The last time Canada had a real leader, it was Prime Minister Pierre Trudeau. The least understood and the most vilified of the actions he took on behalf of Canadians was the National Energy Program (NEP) of 1980. It was an attempt to ensure Canadian control, self-sufficiency and sharing of oil resources. It was never an attack on Alberta’s wild ride on oil revenues but a reasoned proposal to protect those resources for all Canadians. The problem today is that when the bitumen bubble bursts it is going to take down Stephen Harper, Thomas Mulcair and Justin Trudeau from their political pedestals.

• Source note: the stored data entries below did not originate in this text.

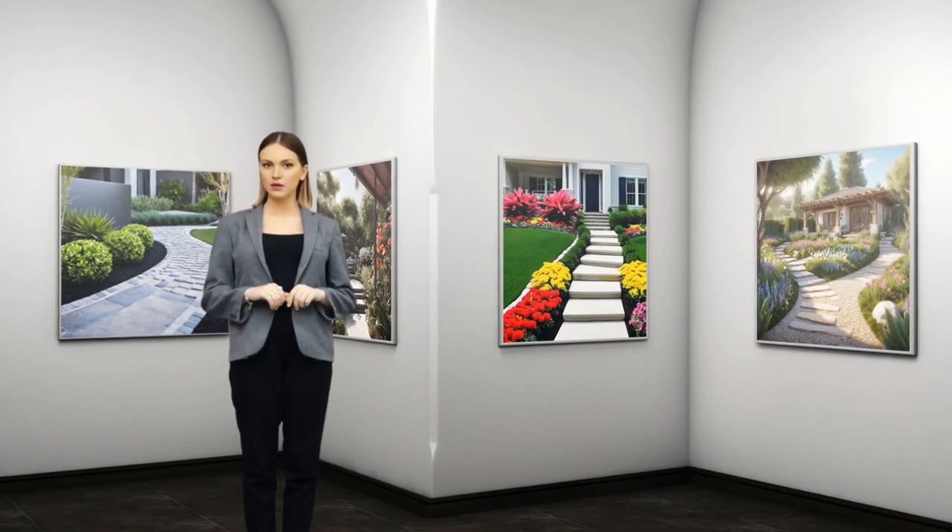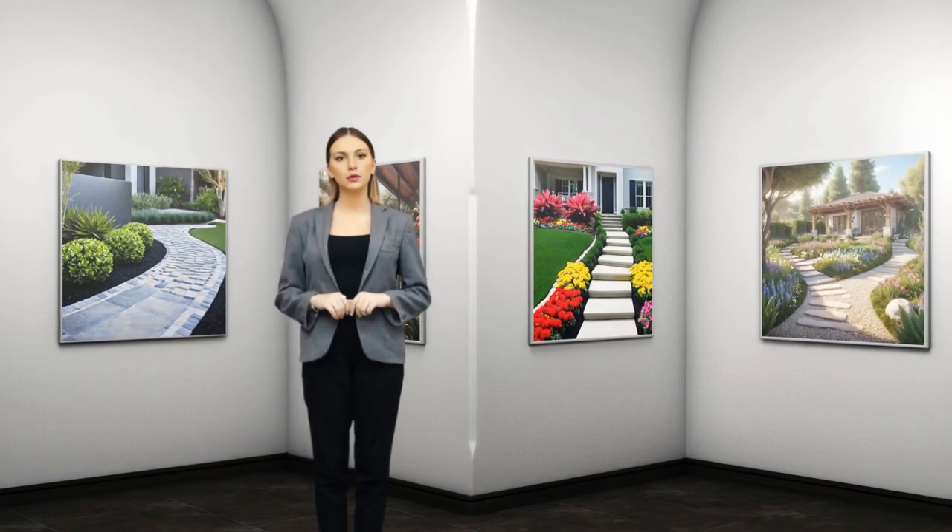Find that finance is here to make your landscaping dreams a reality with easy financing options. Don't wait any longer. Transform your front yard into a beautiful haven today.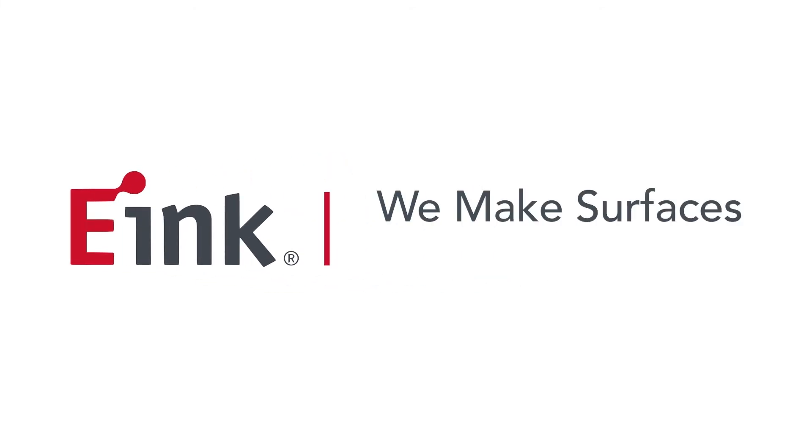Learn more about E-Ink Spectra 6 at our website, www.eink.com, or reach out to our sales team to see how we can help you.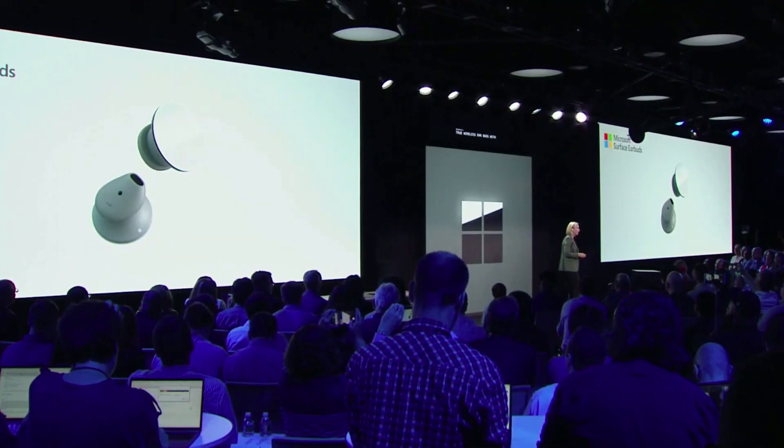These are the new Surface Earbuds. True wireless earbuds with amazing sound, comfortable to use all day with long battery life and a little bit of magic.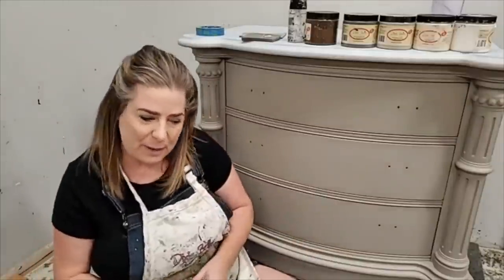Hi everyone, happy Thursday! You guys are live here on the Dixie Bell Paint Facebook and Instagram pages. My name is Brandy, I am the owner and artisan behind Brush by Brandy, and I'm a Dixie Bell Paint brand ambassador. I've been here live with you guys every Thursday evening. My husband Sean is here behind the camera — if you guys have any questions he's gonna read them off to me as we go.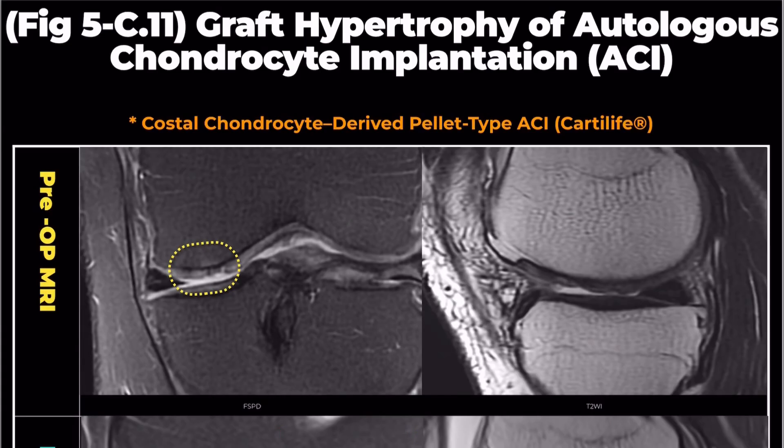Hello everyone, my name is Ji Eun Lee. Today, I would like to present a case involving a patient who underwent a cartilage repair procedure using Cartilife, a type of autologous chondrocyte implantation, ACI.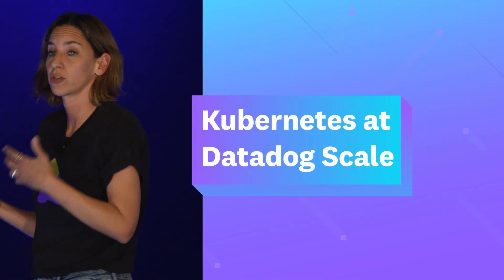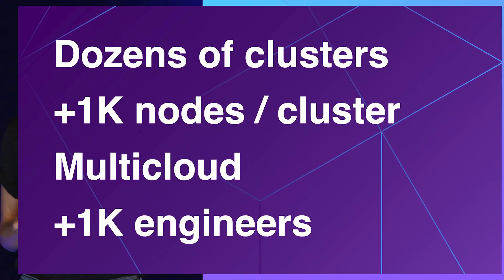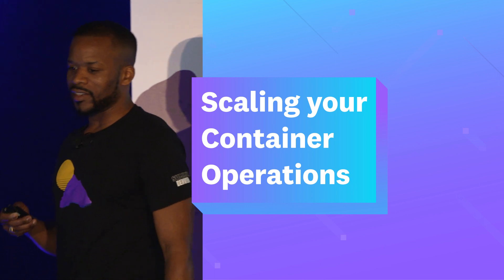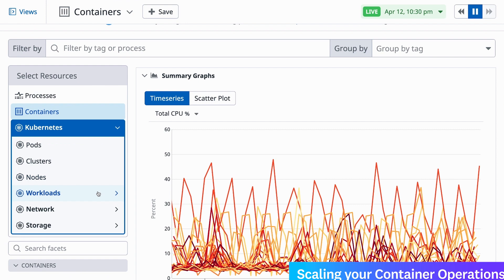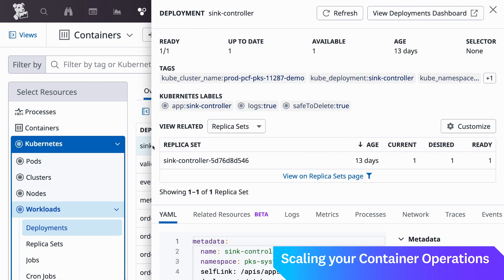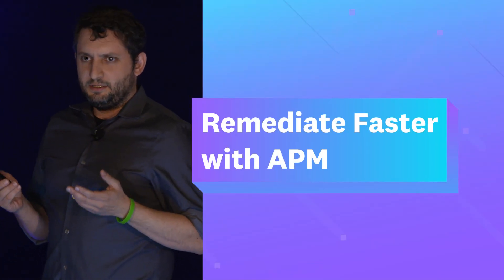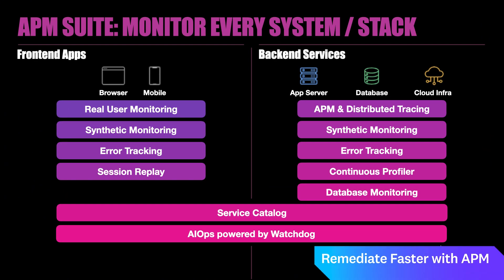If we are able to monitor Kubernetes successfully using Datadog, other customers will be able to do this well. The idea here is to give you some of the decisions that we've made over the years on how we run Kubernetes. I'm excited to introduce you to the next step in our evolution of live containers — our new feature called the related resources map, which gives you a real-time view into the relationships between your actual Kubernetes resources. I'm here to talk about how Datadog's APM suite, a pretty wide array of products, can help make remediation faster.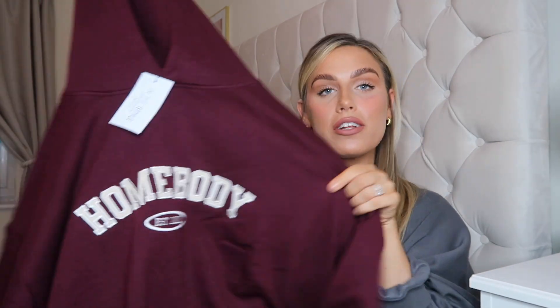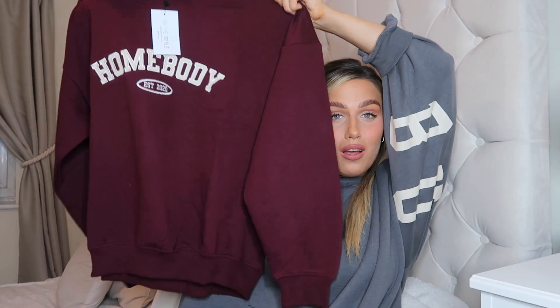A lot of the stuff in this haul are coords but you can buy them all separately if you want, which is great because you can get them in different sizes. The first coord I'm going to show you - I am absolutely in love with this color. Look at this gorgeous burgundy maroon shade, it's just beautiful. This is a hoodie and it's got 'Homebody' written on it and 'Established 2020.' The quality is lovely - it's a really nice thick hoodie and it's soft inside, which is an added bonus. I picked this up in a size 14. I think this looks quite small for a 14 so maybe size up a couple if you like your hoodies really big and baggy.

Prime Minister Harper has led the parade in supporting bitumen exploitation and bitumen pipelines east, west and south. It is the hypocrisy of New Democrat Leader Thomas Mulcair and Liberal Leader Justin Trudeau that worries environmentalists among their political parties. Nobody really gives a damn about Stephen Harper but the spatter of the billions in bitumen losses will smear Mulcair and Trudeau as well.

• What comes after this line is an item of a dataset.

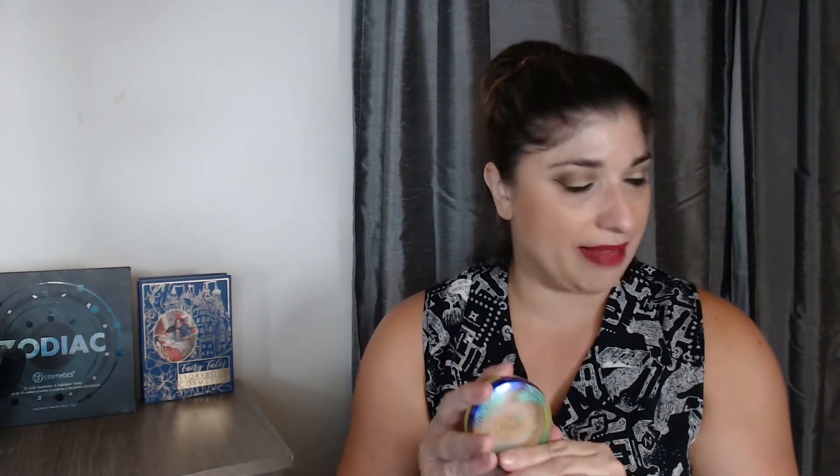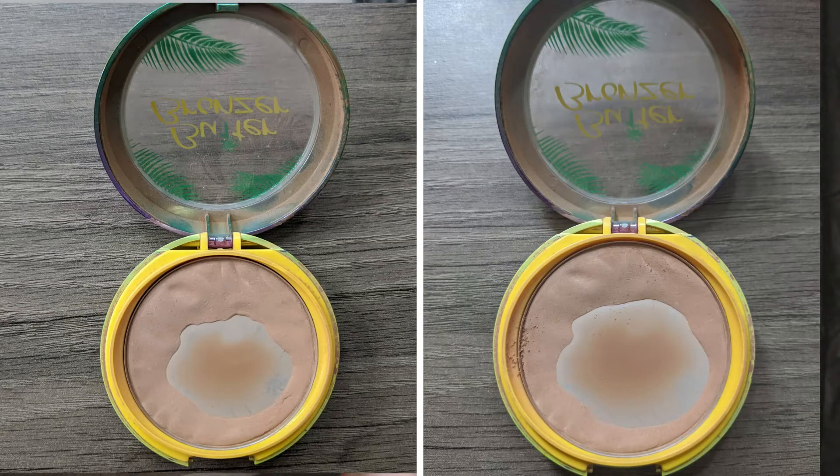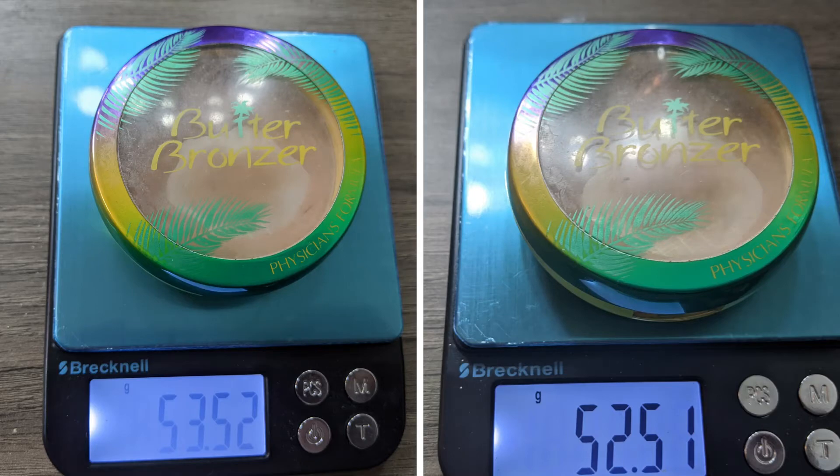The next prompt is Mrs. Weasley's Christmas Sweaters — that's supposed to be a makeup product that makes you feel good, cozy, maybe loved. I've chosen the Physicians Formula Butter Bronzer because I'm so comforted by the smell. I've made some really good progress on this over the course of this year — I hit pan on it during quarantine, so this has been moving. Last time we weighed it in, it came in at 53.52 grams, and today it weighed in at 52.51 grams.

The first thing that is going to happen is that a harried, lame duck President Barack Obama is going to go along with the environmental pressure and kill TransCanada’s Keystone XL pipeline. While Mulcair thinks he is safe on the issue, his limited support for Keystone and general bafflegab on the bitumen issue has annoyed many of his supporters. Trudeau’s unequivocal support for the pipeline to take bitumen to the Texas Gulf oil ports has won him no friends among environmentalists.

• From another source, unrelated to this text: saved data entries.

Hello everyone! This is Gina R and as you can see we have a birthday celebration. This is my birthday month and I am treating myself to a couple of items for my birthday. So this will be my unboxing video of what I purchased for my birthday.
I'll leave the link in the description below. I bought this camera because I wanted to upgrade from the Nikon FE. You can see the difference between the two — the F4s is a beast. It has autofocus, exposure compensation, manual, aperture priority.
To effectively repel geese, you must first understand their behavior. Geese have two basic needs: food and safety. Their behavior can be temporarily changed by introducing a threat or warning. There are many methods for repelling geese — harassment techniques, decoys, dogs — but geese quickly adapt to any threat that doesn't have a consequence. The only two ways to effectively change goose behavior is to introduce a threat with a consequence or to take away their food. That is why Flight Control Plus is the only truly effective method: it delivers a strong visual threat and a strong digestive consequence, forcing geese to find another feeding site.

The second shoe in the pipeline fiasco will be the Enbridge Northern Gateway pipeline across British Columbia to Kitimat. Since Harper’s lapdog National Energy Board has already rubberstamped this foolhardy plan, it will take the determination of our native Canadians and the Supreme Court to end it. And it will be ended. It might even set a record for the speed of a decision from the Supreme Court judges. Mulcair and Trudeau will be lucky to be sidelined on this as they both turned thumbs down on it.
The opposition leaders will meet their most serious test when the fight boils down to the twinning of the B.C. Kinder Morgan pipeline to Surrey and the pipeline plans of Enbridge and TransCanada to send bitumen to the east coast. The recent vote of East Portland, Maine citizens to tell the pipeline company what to do with its bitumen was a fine example of democracy at work. Nobody wants to ask the Saint John, New Brunswick citizens if Irving Oil should build a tanker loading dock for bitumen. The good news is that Irving Oil is making no moves to refine the highly polluting bitumen at its refinery.
But before the first litre of bitumen can be heated and forced through one of those east coast bound pipelines, the Canadian economy will already be in the tank. The collapse of the bitumen bubble in Alberta will ricochet around this country and around the world. The Chinese hardly need more pollution for their cities caused by bitumen refining. The European Union does not want bitumen. The Americans have lots of their own. And unless we start to build things in this country that cannot be easily moved to low wage areas in the U.S. and Mexico, the Harper Conservatives will have won.